(Given information)
------
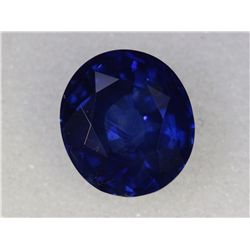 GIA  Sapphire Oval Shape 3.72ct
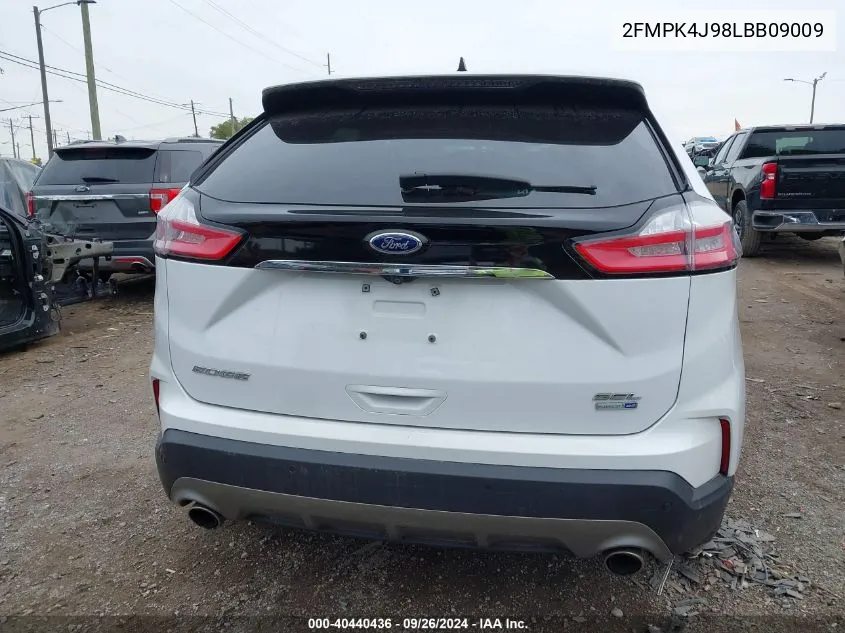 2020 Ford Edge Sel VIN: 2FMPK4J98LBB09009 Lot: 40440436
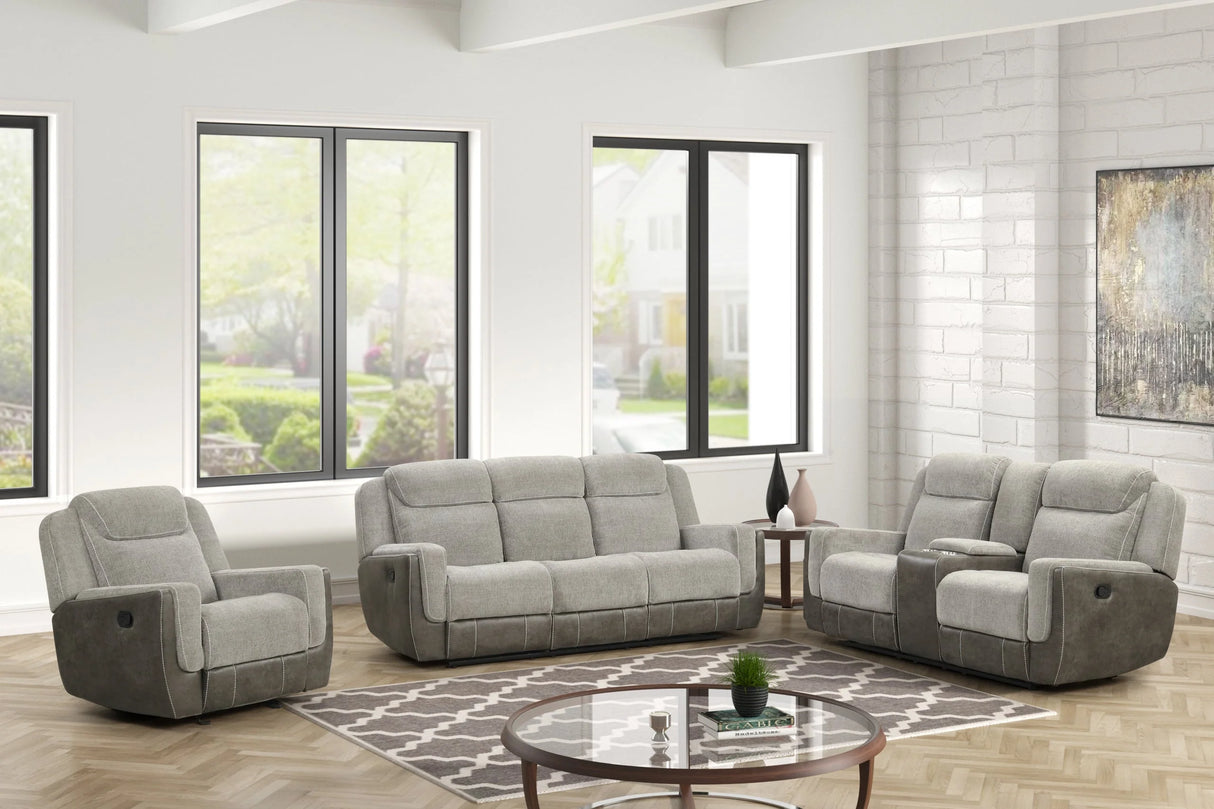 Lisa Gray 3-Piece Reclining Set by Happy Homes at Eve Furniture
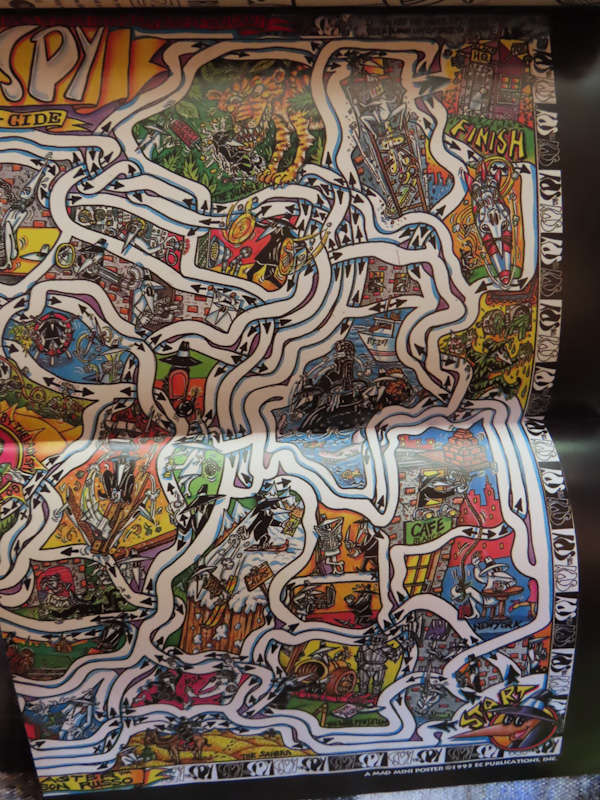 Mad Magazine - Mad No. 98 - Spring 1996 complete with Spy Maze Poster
------
Could the data above be copied out exactly, with no pictures kept?

(Answer section)
 GIA  Sapphire Oval Shape 3.72ct
 2020 Ford Edge Sel VIN: 2FMPK4J98LBB09009 Lot: 40440436
 Lisa Gray 3-Piece Reclining Set by Happy Homes at Eve Furniture
 Mad Magazine - Mad No. 98 - Spring 1996 complete with Spy Maze Poster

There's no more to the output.